*Exercise details*: Omit the images and reproduce the rest of the entries exactly.

*Records for the task*:

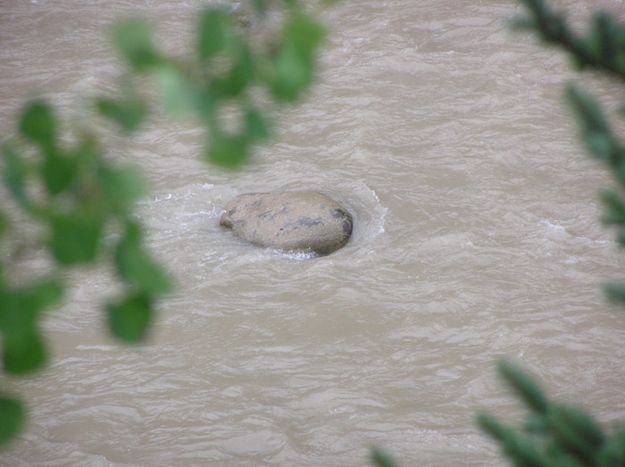 Muddy Water. Photo by David Rule.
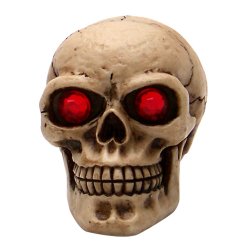 øArÈ w¯ having f¸n? - Part Number: ASCSN06059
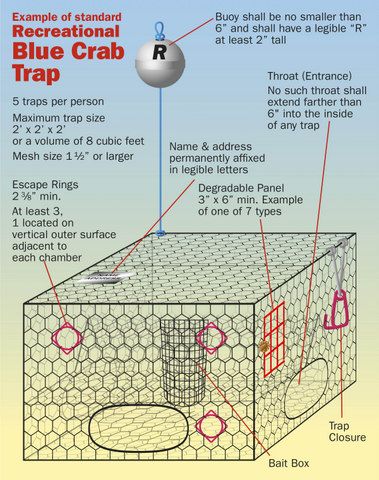 Crab Trap, Stone Crab, Schematic Drawing, Florida Fish, Crab Fishing, Fishing Supplies, Blue Crab, Fish Camp, Wildlife Conservation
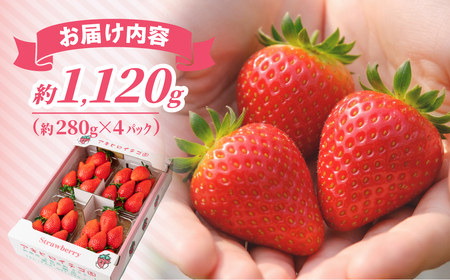 家庭用いちご やよいひめ ４パック 1120g いちご 群馬県 前橋市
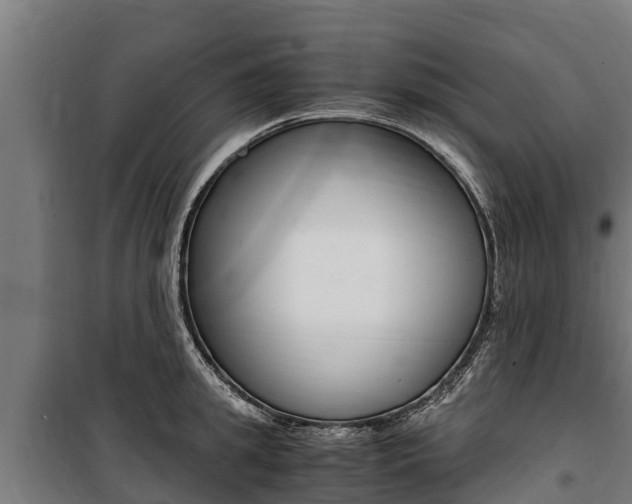 X0000100850949200806200759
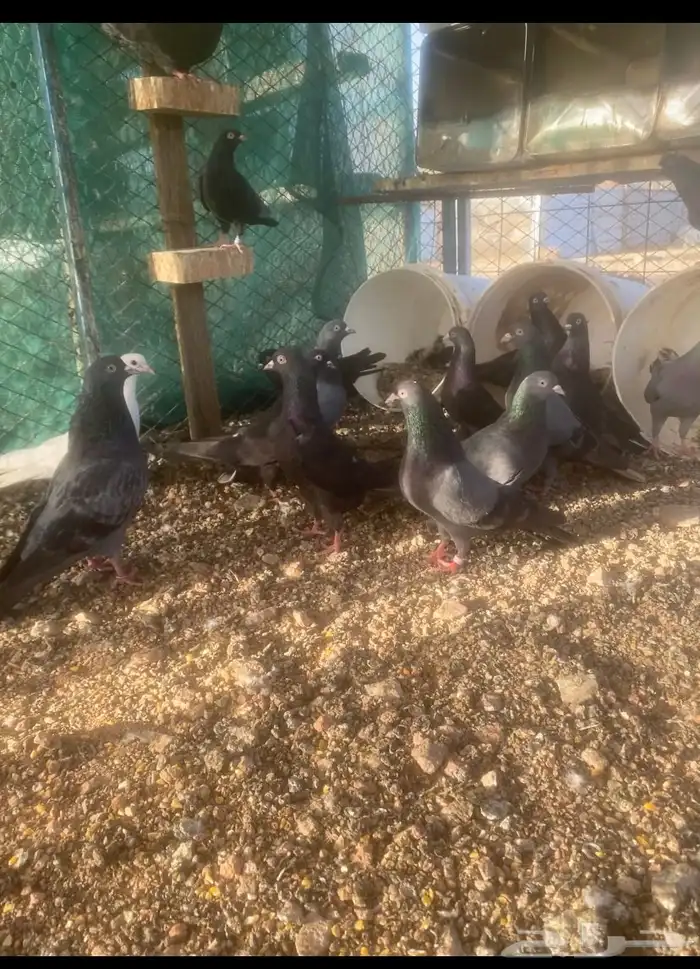 قطايف ( تم البيع ) 0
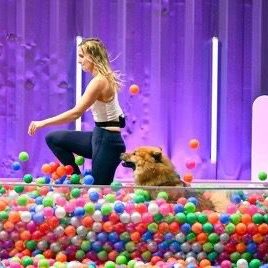 Eine Person spielt mit einem Hund in einem Pool aus bunten Plastikbällen.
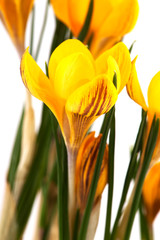 Fototapeta premium Yellow botany Crocus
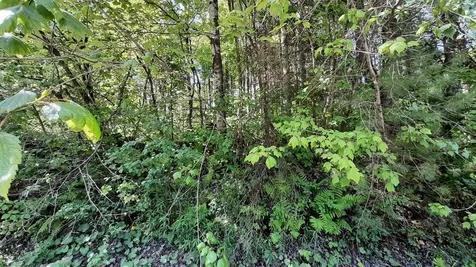 0 Summit Road Mount Holly VT 05758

*Solution*:
 Muddy Water. Photo by David Rule.
 øArÈ w¯ having f¸n? - Part Number: ASCSN06059
 Crab Trap, Stone Crab, Schematic Drawing, Florida Fish, Crab Fishing, Fishing Supplies, Blue Crab, Fish Camp, Wildlife Conservation
 家庭用いちご やよいひめ ４パック 1120g いちご 群馬県 前橋市
 X0000100850949200806200759
 قطايف ( تم البيع ) 0
 Eine Person spielt mit einem Hund in einem Pool aus bunten Plastikbällen.
 Fototapeta premium Yellow botany Crocus
 0 Summit Road Mount Holly VT 05758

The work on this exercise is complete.